▶ _Task to complete_:
A word-for-word copy of the data, pictures excluded, is what this task asks for.

▶ _Recorded information_:
-- Opening Marker --

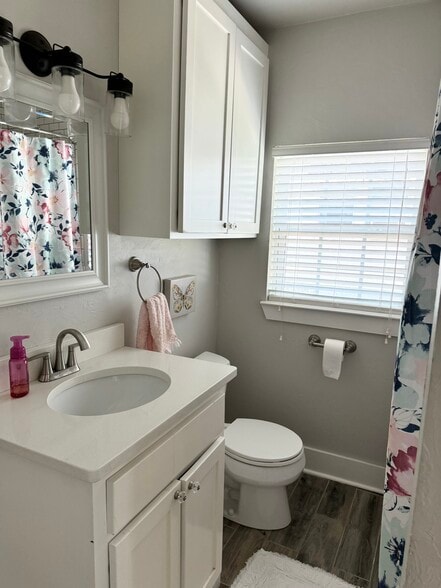 Building Photo - 1529 NW 46th St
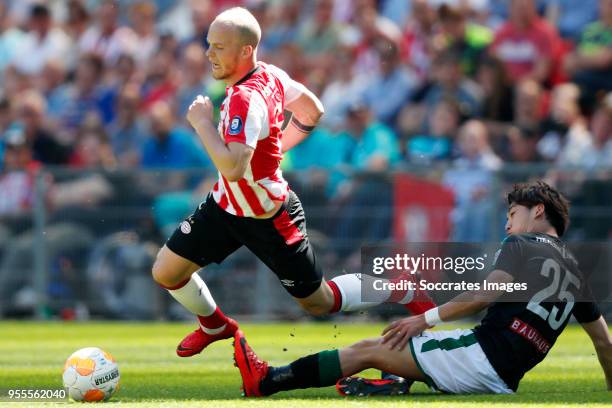 Jorrit Hendrix of PSV, Ritsu Doan of FC Groningen during the Dutch Eredivisie match between PSV v FC Groningen at the Philips Stadium on May 6, 2018...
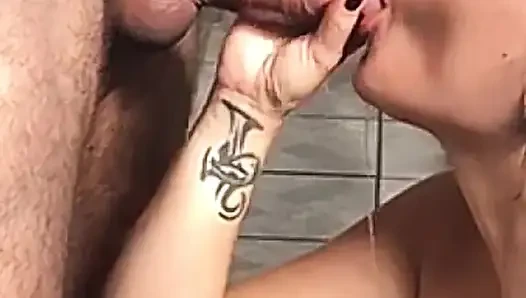 Peras susu pacarku dengan mulutku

-- Closing Marker --

▶ _Exercise result_:
 Building Photo - 1529 NW 46th St
 Jorrit Hendrix of PSV, Ritsu Doan of FC Groningen during the Dutch Eredivisie match between PSV v FC Groningen at the Philips Stadium on May 6, 2018...
 Peras susu pacarku dengan mulutku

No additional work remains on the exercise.